Your task
Skip the pictures. Set down, word for word, the lines from the start of the material up to and including the line with "一眼レフフィルムカメラ ボディ ☆ L22".

Records to use
● ● ● ● ● ● ●

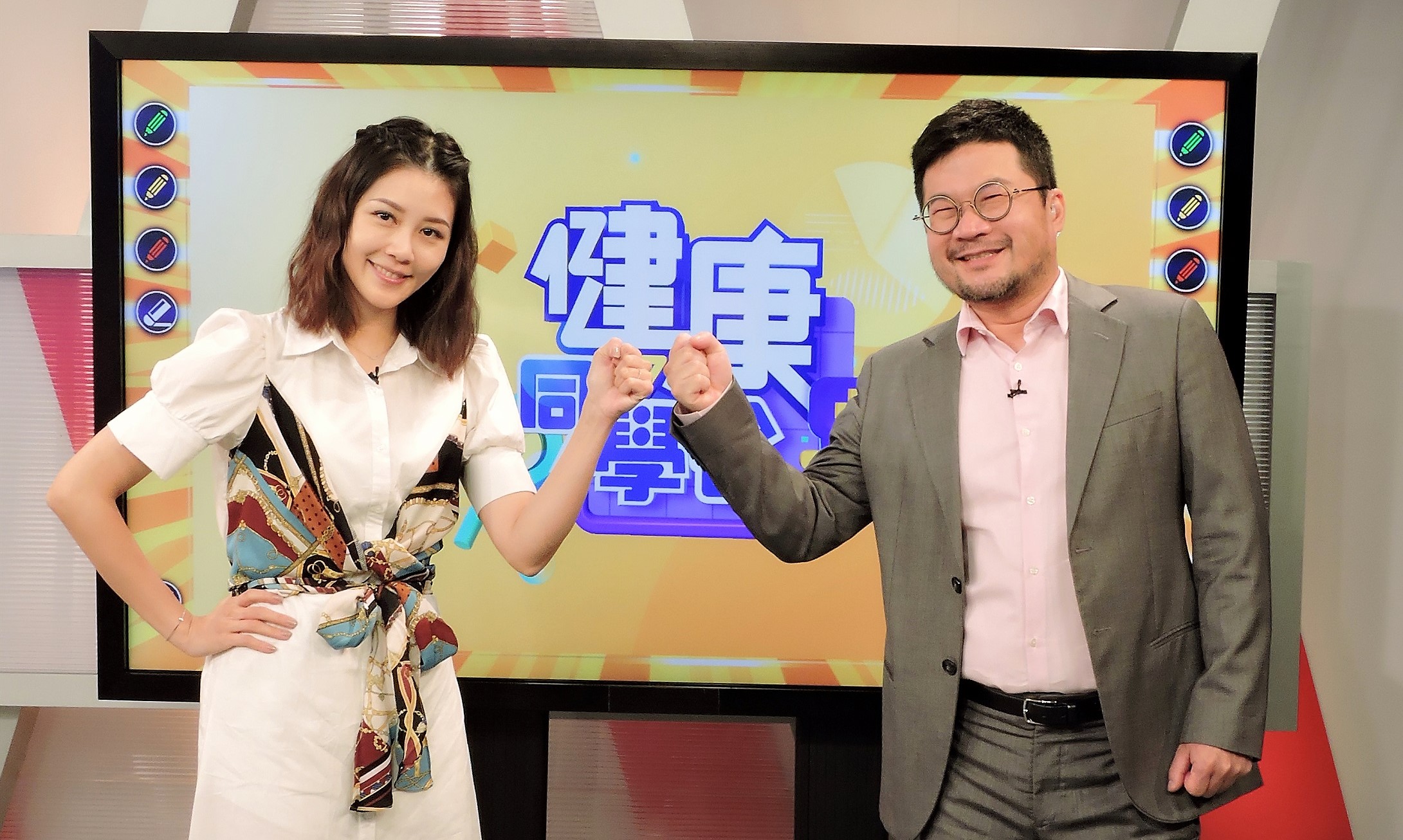 《57健康同學會》找來嚴立婷(左)與廖慶學(右)搭檔主持,擦出不錯的火花。(東森提供)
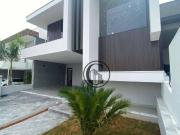 Sobrado com 3 dormitórios à venda, 232 m² por R$...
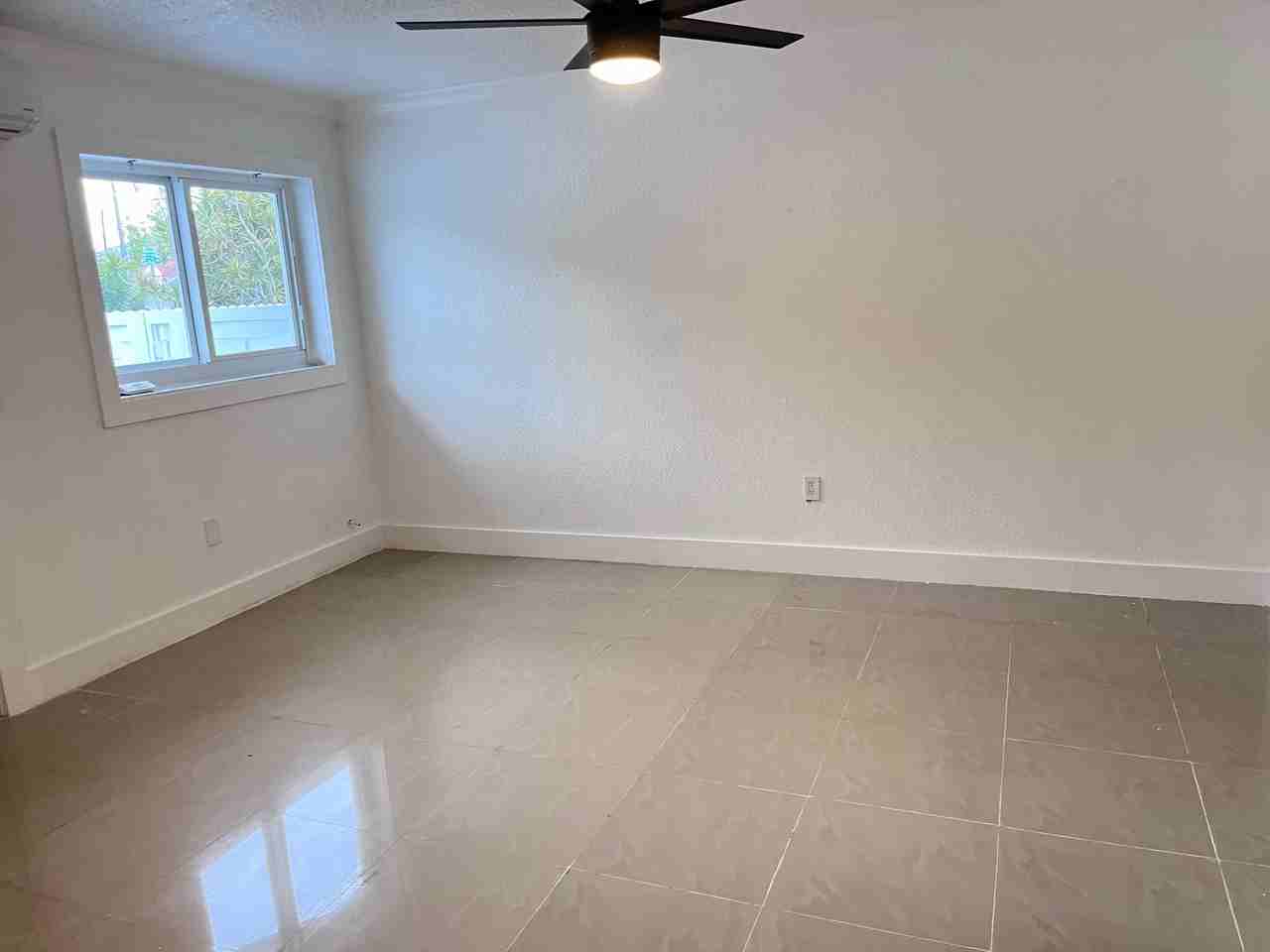 12040 Sw 6th St - Photo 3 of 9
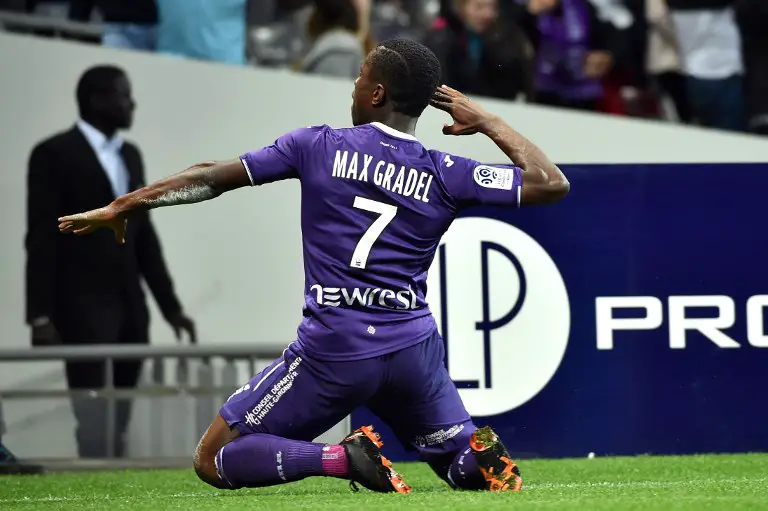Toulouse's French forward Max-Alain Gradel celebrates after scoring his team's first goal during the French L1 football match between Toulouse and Guingamp at The Municipal Stadium in Toulouse, southern France on May 19, 2018. / AFP PHOTO / REMY GABALDA
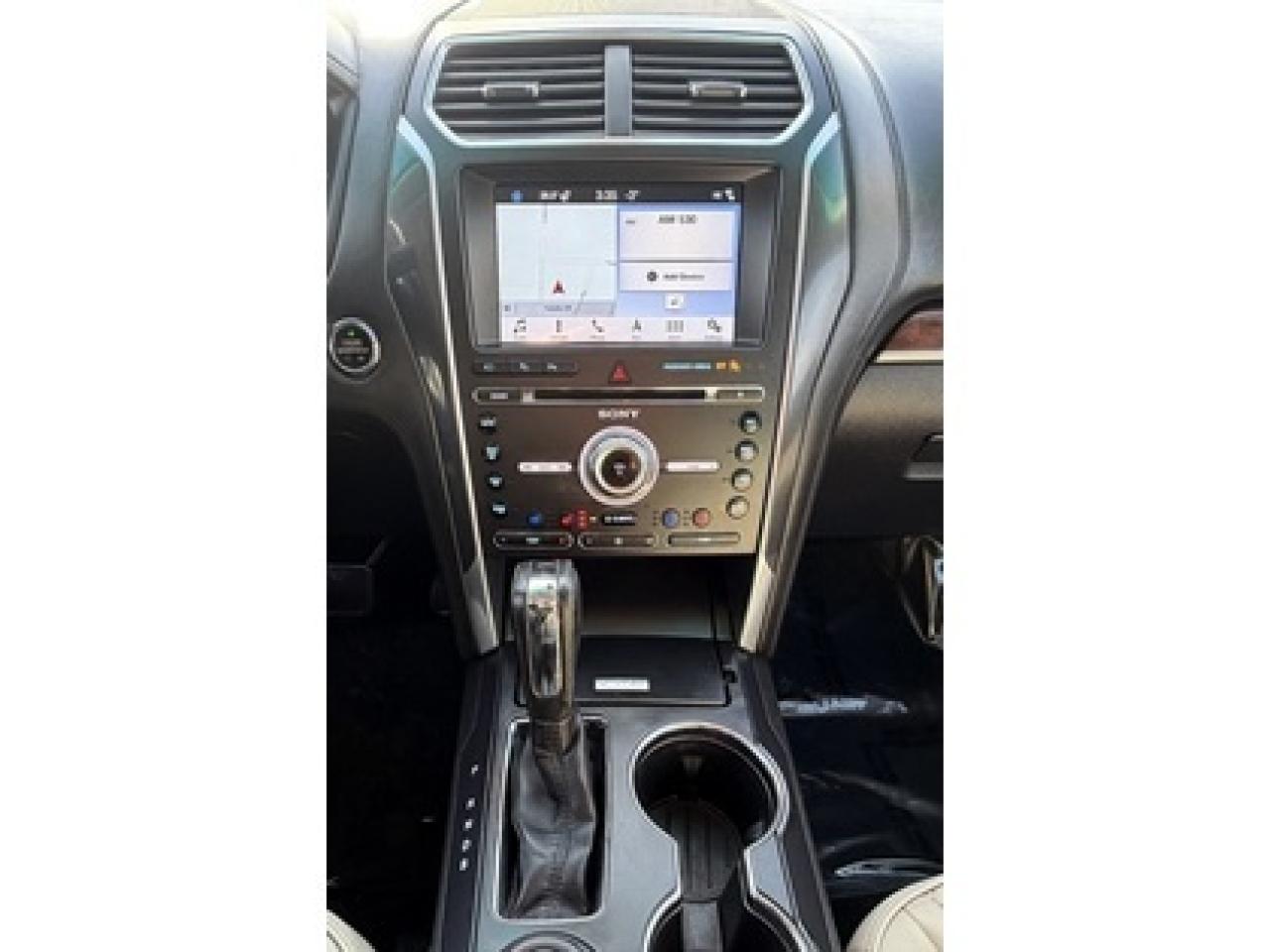 2017 Ford Explorer Platinum Awd Photo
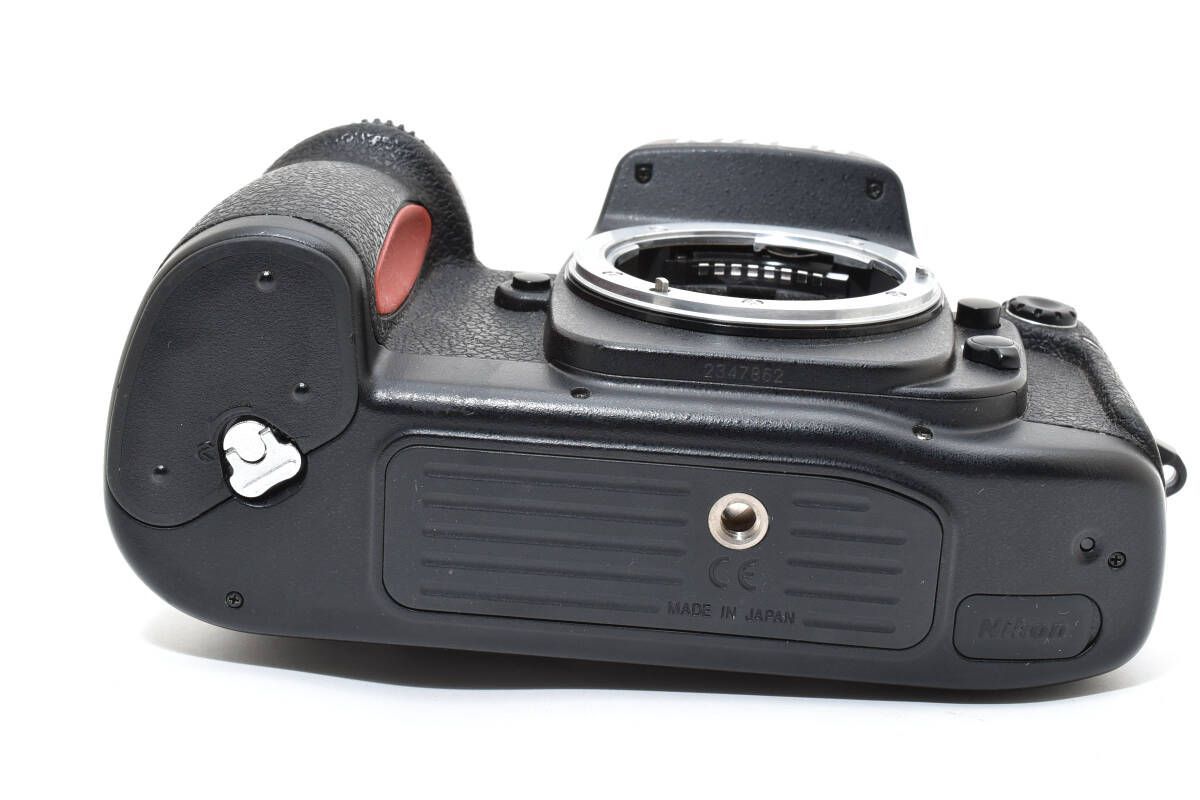 ☆良品☆ ニコン Nikon F100 一眼レフフィルムカメラ ボディ ☆ L22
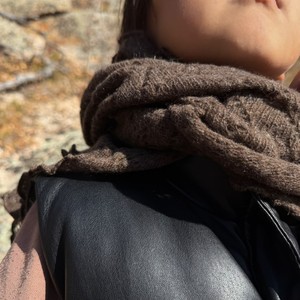 Châle hijab tricoté marron pour femme, en mohair chaud avec bordure en dentelle, foulard décontracté pour l'hiver - Product Image 5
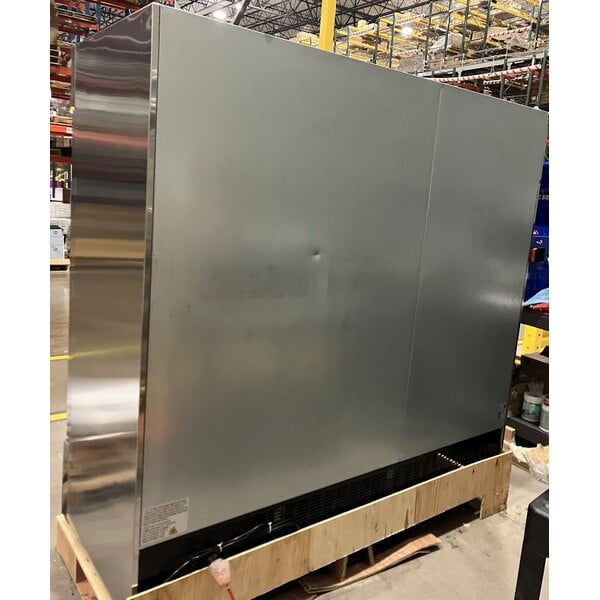 Scratch and Dent Avantco SS-3R-HC 81 5/16" Stainless Steel Solid Door Reach-In Refrigerator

● ● ● ● ● ● ●

Result for this exercise
 《57健康同學會》找來嚴立婷(左)與廖慶學(右)搭檔主持,擦出不錯的火花。(東森提供)
 Sobrado com 3 dormitórios à venda, 232 m² por R$...
 12040 Sw 6th St - Photo 3 of 9
Toulouse's French forward Max-Alain Gradel celebrates after scoring his team's first goal during the French L1 football match between Toulouse and Guingamp at The Municipal Stadium in Toulouse, southern France on May 19, 2018. / AFP PHOTO / REMY GABALDA
 2017 Ford Explorer Platinum Awd Photo
 ☆良品☆ ニコン Nikon F100 一眼レフフィルムカメラ ボディ ☆ L22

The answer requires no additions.